When the physical size of the object exceeds common dimensions, then the vantage points for data capturing need to be chosen also in elevation.

Fig. 19.

Shaft tripod with laserscanner lowered through a vault keystone and special support bracket for scans exterior to the spire (right) at Cologne Cathedral².

Special fixtures and support structures may be necessary to reach these positions. There are different solutions available from technology suppliers, such as lever arms or inverted tripods (Fig. 19). The latter can be used to orient a scanner upright or upside down. Especially when lowered down to privileged positions, such as below the key stones of tall cathedral vaults, it allows to enrich the data significantly at a high quality level.

4 Conclusions and Outlook

As shown above, technology is key for an efficient documentation of cultural heritage and can minimize a project’s complexity while ensuring highest data quality. Also, technological supplements or sensor fusion, as shown above, can significantly improve data quality.

Although different solutions are available, 3D digitization is still a time intensive process. Thus, there is a trend towards much faster mobile systems, which acquire 3D data while the sensors are moved through the scene. However, the systems cannot yet provide the same data quality as of static panoramic laserscans. However, mobile systems will play a significant role in the future. They also collect a much higher data volume to be processed in less time in combination with higher resolution. Thus, it is mandatory to explore new processing and storage possibilities. Computer clouds can help in this regards, but a dedicated cultural heritage solution is still missing.
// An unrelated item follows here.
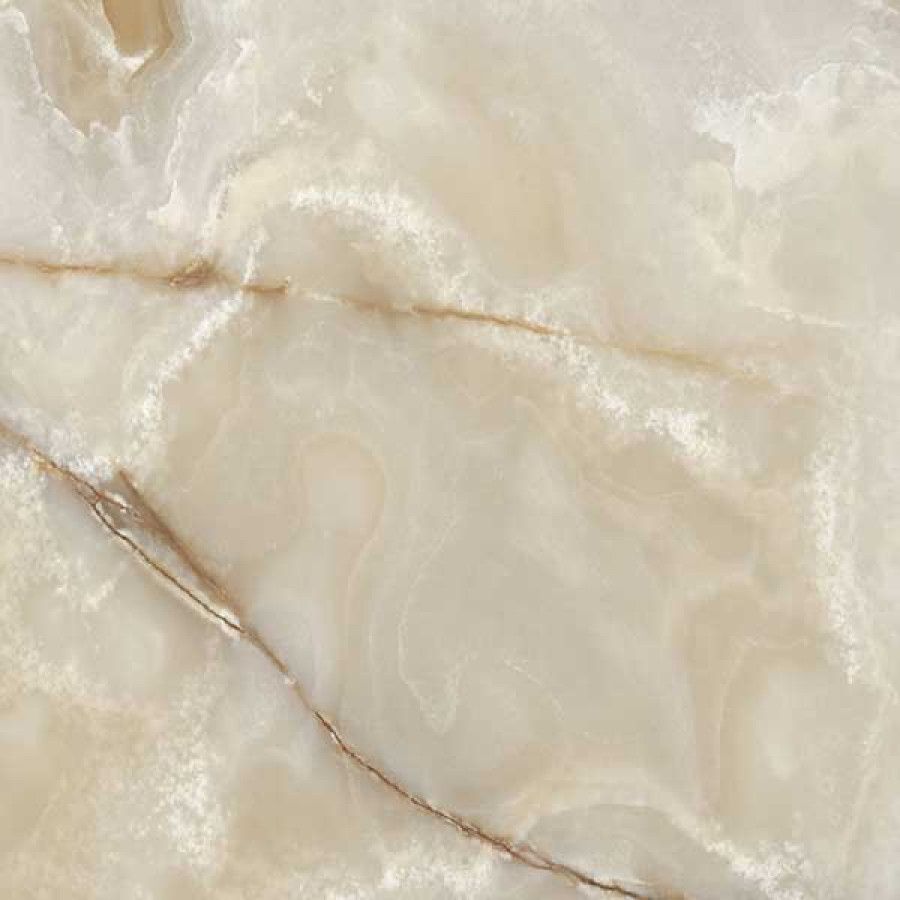 Керамогранит 60x60 Onyx&more Golden Onyx Glos Ret полированная 10мм Casa Dolce Casa Керамогранит 60x60 Onyx&more Golden Onyx Glos Ret полированная 10мм Casa Dolce Casa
Apart from data capturing, there is still intensive research and development necessary to segment and classify the data automatically. At present, the data is visualized as a large collection of 3D points or surfaces consisting of triangles. However, the elements do not provide information about the object they belong to. Manual augmentation of this information is a tedious process and thus automation, maybe with the help of artificial intelligence, is certainly one of the future key research topics.